RESONANCE AND TRANSMISSION: FROM ONE VOICE TO ANOTHER
If I Can’t Dance I Don’t Want To Be Part Of Your Revolution

Resonance and Transmission: from one voice to another
Curated and presented by If I Can’t Dance I Don’t Want To Be Part Of Your Revolution

SUMMARY
A new generation of feminist thinkers and contemporary artists will come together during a day of reflection on the voice and its relationship with the speaker and the receiver, including the transformation that occurs during its re-articulation by someone else.

INTRODUCTION
“{S}peakers are not political because of what they say, but because they say it to others who share an interactive space of reciprocal exposure”– Adriana Cavarero, For More Than One Voice: Towards a Philosophy of Vocal Expression.

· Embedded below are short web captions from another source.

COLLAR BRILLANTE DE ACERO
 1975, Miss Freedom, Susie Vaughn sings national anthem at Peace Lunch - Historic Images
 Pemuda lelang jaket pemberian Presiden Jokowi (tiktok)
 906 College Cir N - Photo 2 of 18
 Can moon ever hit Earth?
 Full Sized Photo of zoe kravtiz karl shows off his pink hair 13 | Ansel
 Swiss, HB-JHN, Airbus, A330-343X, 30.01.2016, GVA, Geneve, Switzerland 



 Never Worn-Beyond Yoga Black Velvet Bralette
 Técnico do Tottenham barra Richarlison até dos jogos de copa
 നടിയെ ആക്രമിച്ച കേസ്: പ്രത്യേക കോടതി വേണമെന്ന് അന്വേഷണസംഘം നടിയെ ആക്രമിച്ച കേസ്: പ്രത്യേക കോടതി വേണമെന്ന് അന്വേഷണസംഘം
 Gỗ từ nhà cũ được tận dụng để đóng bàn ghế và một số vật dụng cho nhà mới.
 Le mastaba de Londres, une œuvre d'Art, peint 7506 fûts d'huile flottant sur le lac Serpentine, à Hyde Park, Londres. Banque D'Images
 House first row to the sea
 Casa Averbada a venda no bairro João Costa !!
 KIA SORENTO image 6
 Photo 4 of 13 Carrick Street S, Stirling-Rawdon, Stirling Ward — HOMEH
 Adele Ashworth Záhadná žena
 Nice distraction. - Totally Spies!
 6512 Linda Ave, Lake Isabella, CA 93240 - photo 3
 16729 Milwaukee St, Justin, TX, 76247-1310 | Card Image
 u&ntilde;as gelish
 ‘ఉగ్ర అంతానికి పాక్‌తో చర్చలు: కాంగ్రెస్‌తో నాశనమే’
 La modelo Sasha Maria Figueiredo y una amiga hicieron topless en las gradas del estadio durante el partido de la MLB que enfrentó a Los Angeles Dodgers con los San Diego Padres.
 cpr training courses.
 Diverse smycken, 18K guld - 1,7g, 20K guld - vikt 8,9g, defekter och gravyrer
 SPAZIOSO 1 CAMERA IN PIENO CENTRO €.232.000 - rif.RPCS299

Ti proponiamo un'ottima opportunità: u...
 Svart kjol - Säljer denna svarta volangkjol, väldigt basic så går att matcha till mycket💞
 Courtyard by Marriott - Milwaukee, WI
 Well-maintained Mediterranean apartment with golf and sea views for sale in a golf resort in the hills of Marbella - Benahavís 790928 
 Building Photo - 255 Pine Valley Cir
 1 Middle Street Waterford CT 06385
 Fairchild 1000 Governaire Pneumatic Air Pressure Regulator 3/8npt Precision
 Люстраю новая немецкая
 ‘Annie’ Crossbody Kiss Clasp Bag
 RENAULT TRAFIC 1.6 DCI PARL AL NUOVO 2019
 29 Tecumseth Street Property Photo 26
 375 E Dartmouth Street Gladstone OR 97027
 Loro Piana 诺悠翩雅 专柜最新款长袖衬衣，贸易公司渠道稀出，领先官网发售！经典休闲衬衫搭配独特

Each voice has a “uniqueness”– an idea proposed by the Italian philosopher and feminist thinker Adriana Cavarero. It is a quality that is found in its particular timbre, and in its interaction with the language it shapes. But how do voices resonate not only in their sound, but also over time? How are they transmitted from one body to another? And how can and do we speak for some-one else?

Resonance and Transmission: from one voice to another considers the voice and its relationship with the speaker and the receiver, including the transformation that occurs during its re-articulation by someone else. Bringing together a new generation of feminist thinkers and contemporary artists, the symposium will consider the intersections between history, politics and the act of speech.

With contributions by Frederique Bergholtz, Federica Bueti, Susan Gibb, Sharon Hayes, Alex Martinis Roe, Wendelien van Oldenborgh, Francesco Ventrella and Camilla Wills.